Did anyone send the Guardian money to help them fight the good fight of reporting on the stupidity of the world? Not me; no PayPal, check, or cash under the table. Not one single cent, or penny, as I think it's in the UK.
 
Oh, read about that one and I've been waiting for the verdict. The mother of all self-owns.
Which just goes to show when you think you've seen utter stupidity, someone comes along with complete and utter stupidity. What a knob jockey that the guy even contemplated he had a case.

"Where'd you get the name Aragorn from?"

"I made it up, your honour, God's truth. I've never even heard of this Tolkein guy!"
 
This should quiet somewhat the voices that keep saying fanfiction is a fair use under copyright law. No, it isn't.
 
I'll be curious to see if he can succeed in an appeal regarding the requirement to destroy all copies of it, or if that only applies to copies intended for distribution. Barring a change in copyright law in the interim, he could maybe sit on his original copy until 2044 when LotR becomes public domain and release it then.
Or maybe he's too burned from his experience to even bother now, haha.
 
This should quiet somewhat the voices that keep saying fanfiction is a fair use under copyright law. No, it isn't.
I'm not saying fanfic is or is-not fair use -- but this case seems quite different in involving commercialization of the work (not to mention following that up with a lawsuit against the rights-holder), no?
 
I'm not saying fanfic is or is-not fair use -- but this case seems quite different in involving commercialization of the work (not to mention following that up with a lawsuit against the rights-holder), no?

Whether or not someone makes money off a work is "a factor" in determining whether it's a fair use, but it's not a determinative factor, and I'm not aware of any case that definitively says that just because you don't make money off it your fanfiction is a fair use. I don't believe that's true.

This is all just legalism. As a practical matter a great deal of fanfiction is tolerated, and I think it's because many copyright owners have become savvy enough to understand that fanfiction adds value to rather than detracts value from their intellectual property.
 
Whether or not someone makes money off a work is "a factor" in determining whether it's a fair use, but it's not a determinative factor, and I'm not aware of any case that definitively says that just because you don't make money off it your fanfiction is a fair use. I don't believe that's true.

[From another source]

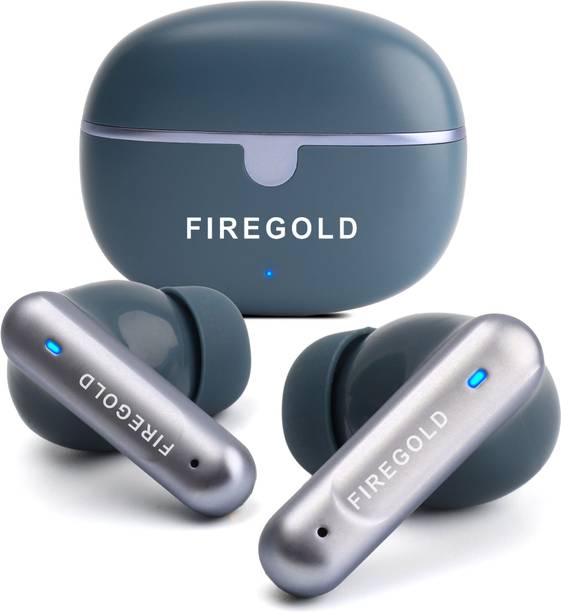 FIREGOLD 161 Elite Earbuds, 4 Mic ENC, Hd Sound Quality & 48Hrs Battery Backup Bluetooth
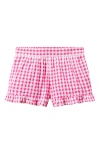 Janie And Jack Girls Gingham Short In Green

This is all just legalism. As a practical matter a great deal of fanfiction is tolerated, and I think it's because many copyright owners have become savvy enough to understand that fanfiction adds value to rather than detracts value from their intellectual property.
Like i say, you may very well be right. I just didn't get the impression (albeit from only looking at a couple of articles) that this particular case had much relevance to the question, one way or another.
 
This particular book had extensive copying (with attribution) from Tolkien's works. It didn't simply re-use characters, settings, or that sort of thing.